Laparoscopic surgery for patients with nonmetastatic T4a disease is associated with a potential survival benefit and improved surgical outcomes.

Gastric cancer (GC) is currently one of the most common malignancies worldwide [1]. ​Although significant advances have been achieved with adjuvant therapies, surgery with curative intent remains the most important treatment strategy for patients with gastric cancer [2]. In the era of minimally invasive surgery, several large-scale randomized controlled trials (RCTs) have demonstrated that laparoscopic gastrectomy (LG) has comparable oncological efficacy with improved surgical outcomes compared with open gastrectomy (OG) in the treatment of advanced gastric cancer (AGC) [3,4,5]. Based on this evidence, the present NCCN and ESMO guidelines both recommend laparoscopic approach as an alternative for advanced (T2-T4a) nonmetastatic gastric cancer patients [6, 7].

Nevertheless, current studies of LG for AGC have mainly focused on T2-T3 patients, with relatively fewer T4a patients included. According to the AJCC staging system, T4a is defined as tumor invasion of serosa [8], which is characterized by large tumor size, high risk of recurrence/metastasis, and poor prognosis [9]. For such patients, LG faces higher surgical challenges and may increase the risk of peritoneal seeding. Until now, there have been no prospective studies on LG for T4a gastric cancer patients, and only one RCT [10] have focused on this issue by performing subgroup analysis. Therefore, the effectiveness of LG for T4a gastric cancer patients is still a topic of concern for clinical practice, especially regarding long-term survival outcomes.

To provide an evidence-based basis for future update to these guidelines, we performed an individual participant data (IPD) meta-analysis of survival outcomes from propensity-score matched (PSM) studies, which compared LG versus OG for nonmetastatic T4a gastric cancer patients. Pooled analysis using IPD is regarded as the gold standard in evidence synthesis, and is widely accepted as the most reliable approach in current practice [11]. In addition, to overcome the selection and confounding bias inherent in most observational studies, we limited studies to those that performed PSM analysis, because numerous statistical studies have demonstrated that PSM studies are empirically equivalent to RCTs in obtaining unbiased estimates of the so-called “average treatment effect” [12, 13].

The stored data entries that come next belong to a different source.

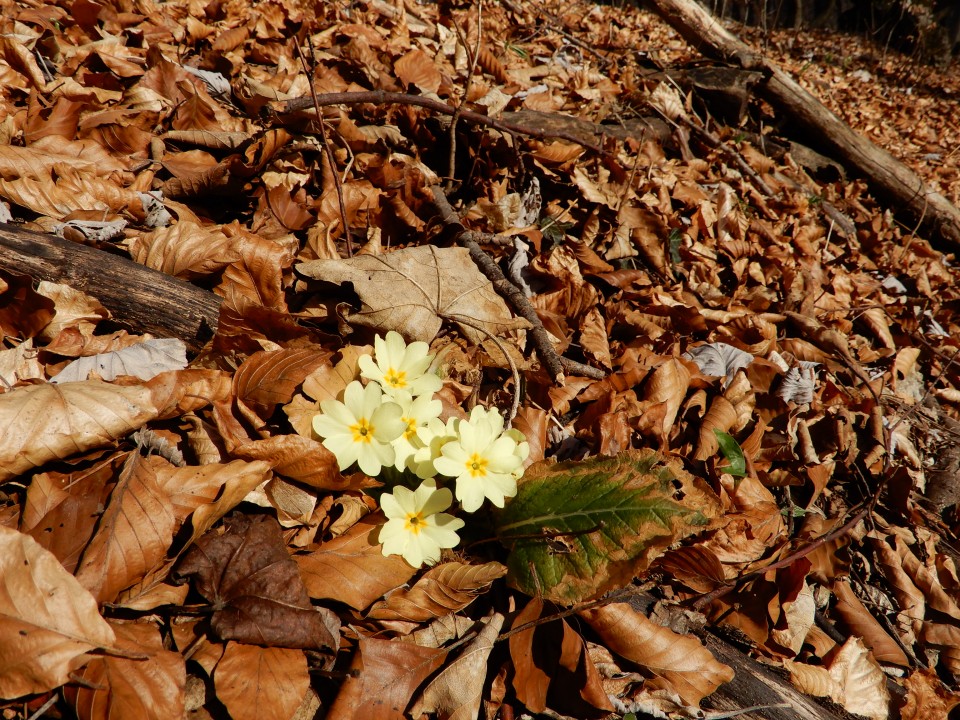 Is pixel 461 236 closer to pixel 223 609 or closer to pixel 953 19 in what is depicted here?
pixel 223 609

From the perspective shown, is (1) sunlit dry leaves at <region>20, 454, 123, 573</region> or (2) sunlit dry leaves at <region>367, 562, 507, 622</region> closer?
(1) sunlit dry leaves at <region>20, 454, 123, 573</region>

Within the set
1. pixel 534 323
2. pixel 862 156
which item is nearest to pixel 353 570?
pixel 534 323

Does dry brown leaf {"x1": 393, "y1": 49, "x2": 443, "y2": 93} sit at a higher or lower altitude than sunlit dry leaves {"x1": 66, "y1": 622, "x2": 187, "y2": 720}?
higher

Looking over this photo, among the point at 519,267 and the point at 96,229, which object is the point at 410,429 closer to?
the point at 519,267

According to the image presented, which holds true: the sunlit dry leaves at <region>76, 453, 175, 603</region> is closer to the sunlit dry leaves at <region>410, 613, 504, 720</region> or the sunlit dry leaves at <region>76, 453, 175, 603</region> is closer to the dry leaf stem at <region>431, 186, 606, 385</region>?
the sunlit dry leaves at <region>410, 613, 504, 720</region>

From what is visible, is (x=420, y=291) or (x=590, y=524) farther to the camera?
(x=420, y=291)

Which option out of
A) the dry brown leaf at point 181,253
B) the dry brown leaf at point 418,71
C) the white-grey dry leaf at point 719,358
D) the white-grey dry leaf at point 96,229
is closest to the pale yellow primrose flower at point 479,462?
the dry brown leaf at point 181,253

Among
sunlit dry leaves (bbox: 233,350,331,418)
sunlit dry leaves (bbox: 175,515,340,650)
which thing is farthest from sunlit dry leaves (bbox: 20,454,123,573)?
A: sunlit dry leaves (bbox: 233,350,331,418) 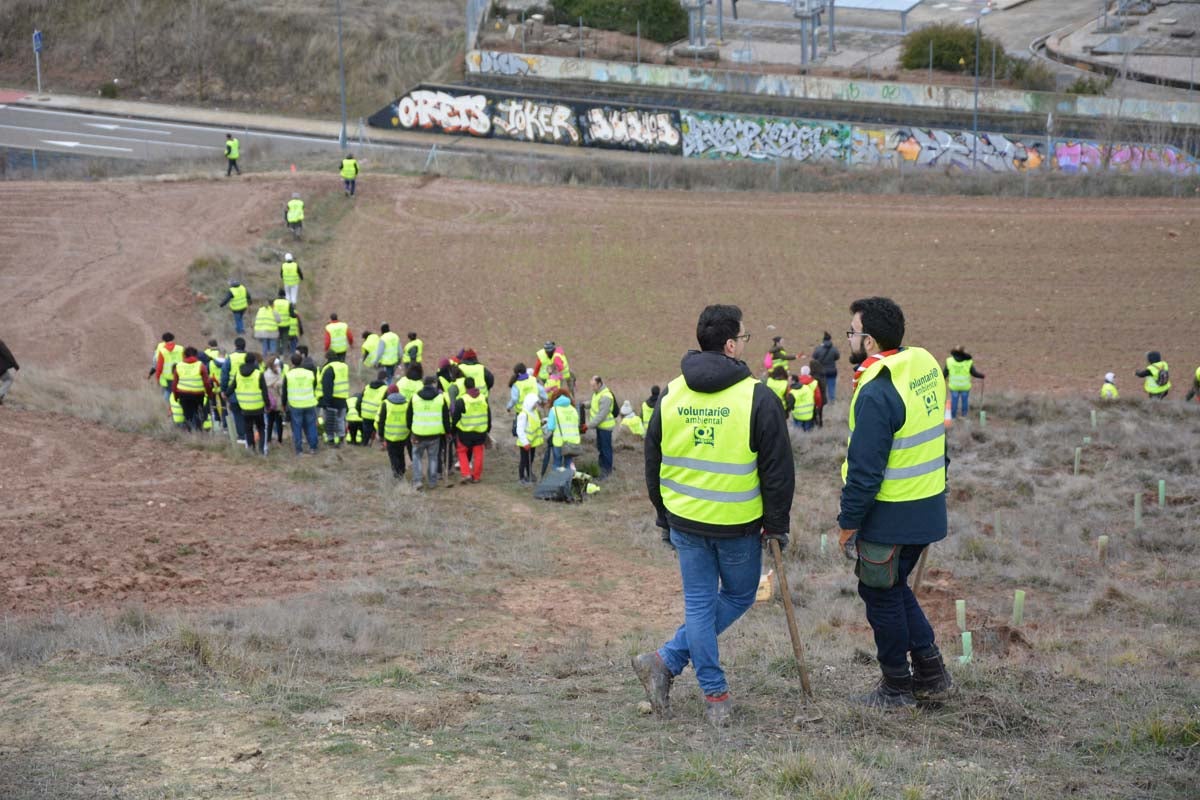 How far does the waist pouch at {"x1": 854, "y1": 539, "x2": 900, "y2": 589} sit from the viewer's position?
24.9ft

This meta-analysis was performed in adherence to the requirements from the PRISMA 2020 statement [14]. This study has been registered at PROSPERO (registration number: CRD42023420723).

Search strategy

PubMed, Embase, Web of Science, Cochrane library and China National Knowledge Infrastructure were comprehensively examined for relevant studies without language restrictions through July 25, 2023. The detailed search strategy of each database was shown in Supplementary file item 1. In addition, Google Scholar, the references of included articles, and related reviews were manually searched for potential gray literature.

Inclusion and exclusion criteria

The inclusion criteria were determined according to Population, Intervention, Comparison, Outcome, and Study design (PICOS) [15] approach: (1) P: patients diagnosed with clinical (c), surgical (s) or pathological (p) T4a gastric cancer; (2) I: LG; (3) C: OG; (4) O: survival outcomes with Kaplan-Meier curves reported; (5) S: observational studies based on PSM analysis, or RCTs. Exclusion criteria: (1) studies without matching, or using other matching methods of confounder control, such as stratification, and inverse probability of treatment weighting; (2) studies in the form of reviews, conferences, case reports, letters, and expert opinions; (3) duplicated studies; (4) original data were not available from the relevant authors.

Data extraction and outcome of interest

Two investigators independently extracted the data into a predefined EXCEL table and cross-checked all the results. Any disagreements were resolved by consensus with a third reviewer. The following data were extracted: (1) study characteristics; (2) patient baseline parameters; (3) perioperative outcomes; (4) survival outcomes and recurrence patterns.

The primary outcomes were to compare survival outcomes between the LG and OG groups. The survival outcomes included overall survival (OS), disease-free survival (DFS) and recurrence-free survival (RFS). Of note, since DFS and RFS share the similar endpoints, they were analyzed together as one outcome, DFS [16, 17]. The secondary outcomes were to compare the surgical outcomes (operative time, estimated blood loss, number of retrieved lymph nodes, time to first liquid intake, time to first flatus, postoperative hospital stay, overall morbidity and major morbidity) and recurrence patterns. Morbidities were defined according to the Clavien–Dindo classification, and major complications were defined as grade III or higher [18].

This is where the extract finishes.